Forms of Captives

Forms of Captives

All captive insurance companies are owned and controlled by their insureds –but they may take on various forms: Pure Captive (Single Parent): A pure captive is owned and controlled by one company and insures the risks of the parent, subsidiaries, and affiliates. These can be formed as a corporation or LLC.

Association Captive

An association captive is a captive insurance company that is owned and controlled by two or more non-affiliated organizations that the captive insures. The association captive can either insure similar types of risks for businesses within a common industry, or it can insure non-homogeneous businesses and insure different risks. These can be formed as a corporation, LLC, or reciprocal.

Reciprocal Captive

A sub-designation of Association captives where the non-affiliated organizations enter into a collective series of contracts (policies) with each other. An Attorney-in-Fact administers the policies for the group. The reciprocal is an unincorporated legal entity. This is a structured form rather than a type of captive.

Industrial Insured Captive

A sub-designation of Association captives where the captive insures the risk of members of an industrial insured group and their affiliates. An industrial-insured group is one that collectively owns or controls the industrial-insured captive or is an RRG. An industrial insured is an operating entity that has at least 25 employees, total annual premiums of $25,000 or more, and uses a full-time employee that acts as an insurance manager. These can be formed as a corporation, LLC, or reciprocal.

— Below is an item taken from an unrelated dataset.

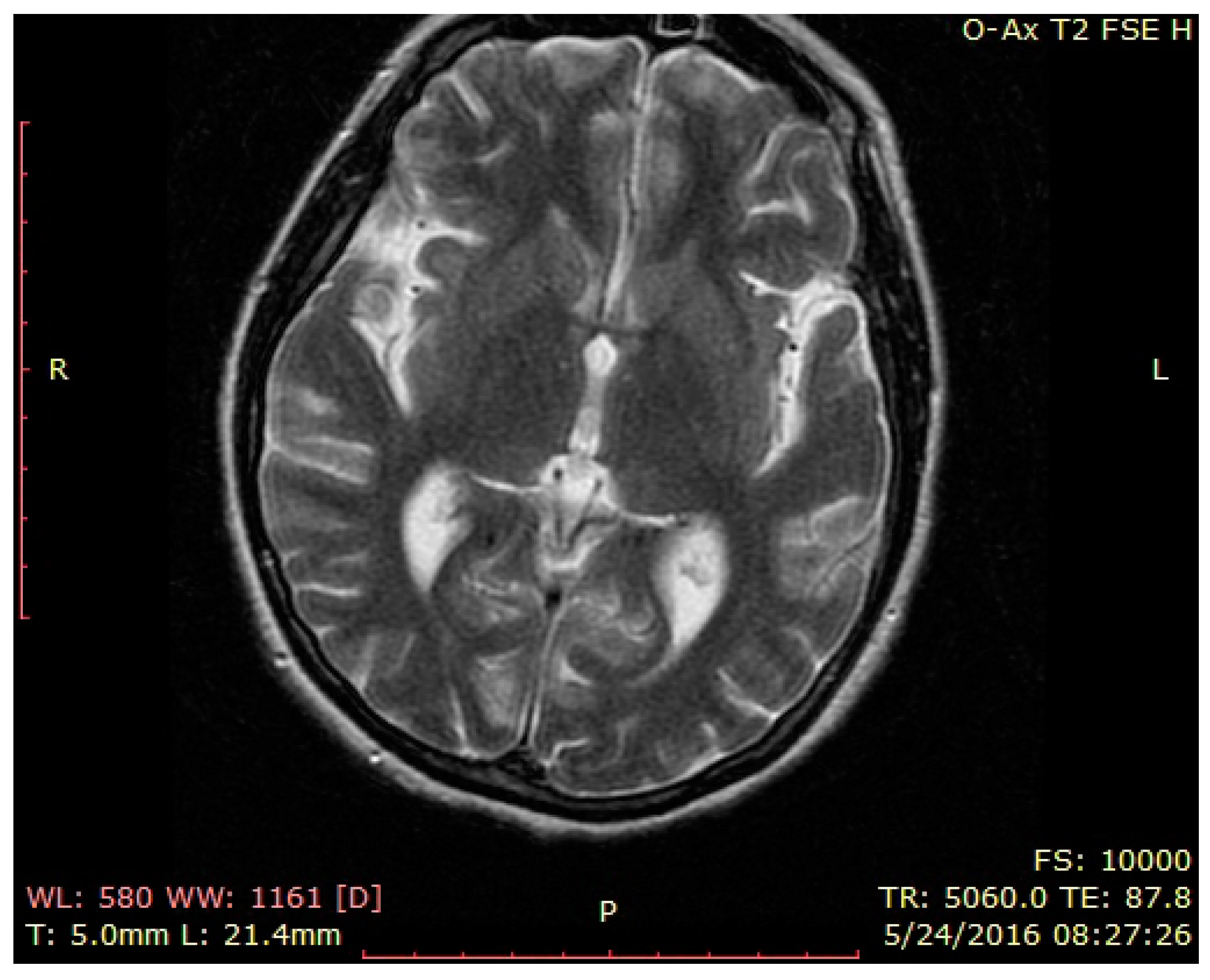 Brainsci 12 00221 g002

Risk Retention Group (RRG)

This can be a sub-designation of Industrial Insured Captive, Association Captive, or their own type. RRGs are enabled and protected by the federal Liability Risk Retention Act. An RRG is a group captive that is domiciled in one state but often registers to operate in multiple states similar to a traditional insurance company. At present, RRGs are limited to insuring only liability exposures. RRGs can form as a corporation, LLC, or reciprocal.

Reinsurance Captive

Reinsurance captives are formed similarly to a pure or association captive but have 50% of the normal capitalization requirement. Branch Captive: Branch captives are formed as a local principal office location for a foreign captive insurance company to operate in this state. Only business conducted within this state by the branch captive is regulated, but the main captive is observed for proper conduct.

Protected Cell Captive

A structure that permits incorporated cells to maintain separate assets and liabilities while each incorporated cell carries out its own distinct captive insurance operations. These independent insurance operations must be fronted by another insurance carrier licensed to operate as an insurer. The structure provides efficiencies and cost savings through the sharing of administrative and service provider expenses.

Special Purpose Captive

Any captive insurance company that does not meet any of the above-listed types and/or definitions, or is formed for the benefit of a political subdivision of this state.

Series LLC Captive 

(Not a statutory type and not listed on the COA but a form of captive) Each series member or series business unit (SBU) maintains separate assets and liabilities while carrying out its own distinct captive insurance operations. These operations can be directly written or reinsured from another licensed carrier by the SBU. The structure provides efficiencies and cost savings through the sharing of administrative and service provider expenses. These are classified as Special Purpose captives for flexibility of business plans and commissioner discretion of capital and surplus requirements.

Agency Captive

(Not a statutory type and not listed on the COA but a form of captive) Agency captives are formed and controlled by insurance brokers/agents who have chosen to participate, together with traditional insurance companies, in the risks of their own clients. These can be formed as a corporation, LLC, Protected Cell, or Special Purpose Series LLC and are commonly licensed as a reinsurance captive.

Dormant Captives

If the owner of a captive insurance company of any type (except RRG) wishes to keep their captive in active status but does not wish to write insurance through their captive for a short duration, they can trade their Certificate of Authority for a Certificate of Dormancy. The captive must have run off all of its insurance business, have no remaining insurance policies issued, and no remaining liabilities or reserves. The captive then applies for dormant status and if dormancy is approved by the commissioner, will only pay an annual dormancy tax of $1,000 for any portion of the preceding year the captive goes dormant, and only has to maintain $25,000 in capitalization. This Certificate of Dormancy is only valid for a 5-year duration. Captives in a dormant status are not subject to any other taxation or examinations and supply only a report of the captive’s financial condition within 90 days of its fiscal year-end.